Natürlich erlebt man so eine Missachtung für das Publikum auch in der modernen E-Musik, am Volkstheater, in der Genderforschung und bei jedem Ringelpitz-Oberauer Lyrikseminar mit anschliessender Annegret-Fleischhuber-Flaxenberg-Preisverleihung. Diese Verachtung jedoch ist neu, nur akademisch begründet und bezieht ihre schale Legitimation von brotlosen Wissenschaften, die in hundert Jahren oder auch nur Tagen längst wieder vergessen sind. Guarnaccis Museum ist begründet auf ein Patriarchat, das arme Schlucker mit Schaufeln auf Felder schickte, damit sie das Grosse un Erhabene finden, von dem sie nichts verstehen. Gender kann man mit NRW-Abitur studieren, aber einen Palazzo stiften, ihn voller Gerümpel stellen und dann britische Adlige zur Verehrung zwingen: Das geht nur mit der Klassengesellschaft.

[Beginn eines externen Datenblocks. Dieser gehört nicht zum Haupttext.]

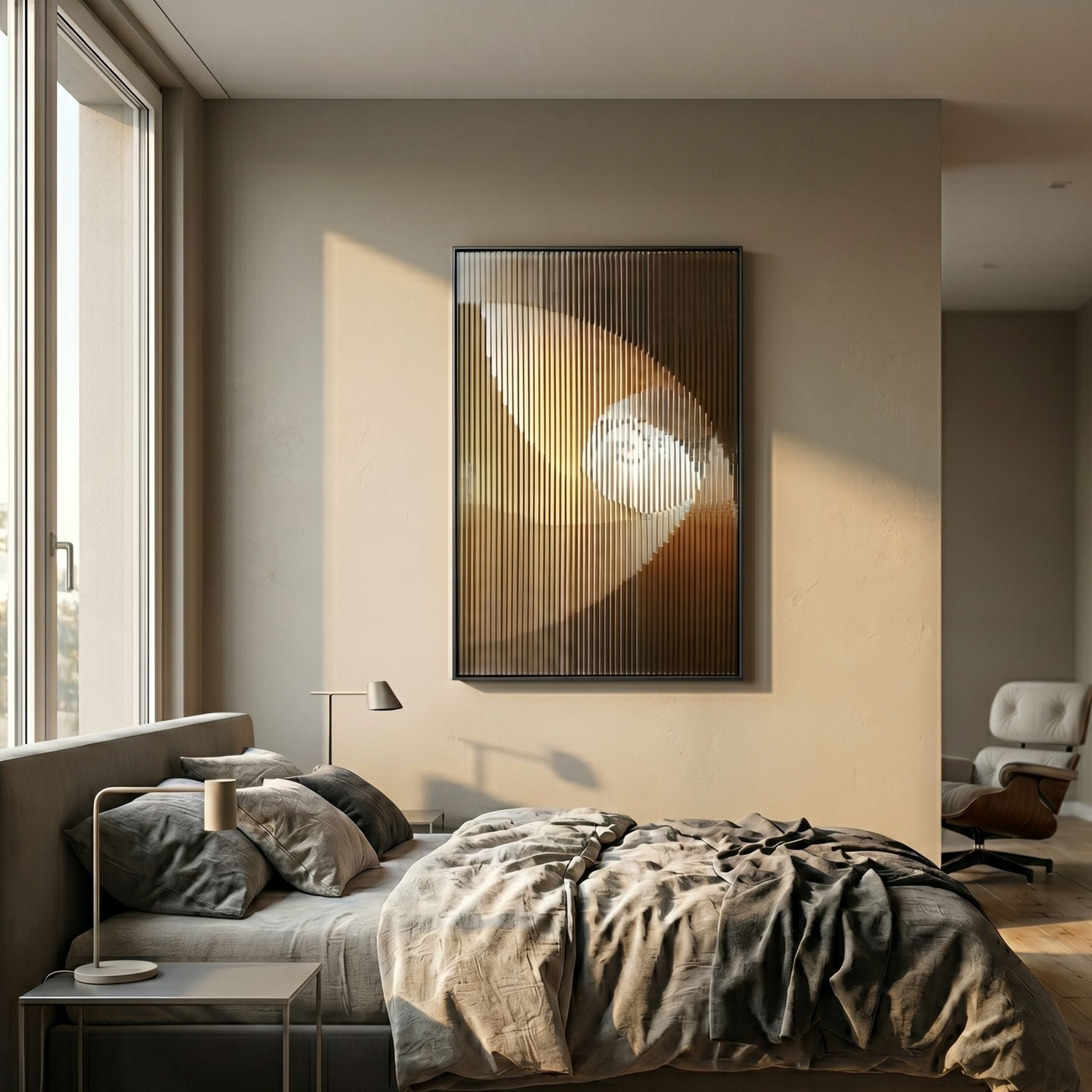 Cyclastra Amber II Optical Spiral Acrylic 3D Wall Art by Giant Sculptures, mounted above a linen-dressed bed in a sunlit modern bedroom with a leather lounge chair.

Und harter Ausgrenzung von allen, die hier nur stören würden. In Schlösser kann man sich einfühlen und davon träumen, Franz oder Sissi zu sein. Dieses Museum jedoch ist abweisend, verachtend und rücksichtslos in einer Art, die wir in Europa so gern menschenfreundlich übertünchen, und Kinder darin spielen lassen, um zu zeigen, wie weit wir als vorläufiger Höhepunkt der Menschheitsgeschichte seit dem Feudalismus gekommen sind. Insofern ist das Museum ein gelungener Urlaub für Menschen, die noch an das Gute glauben, solange sie es selbst haben, und nicht die anderen.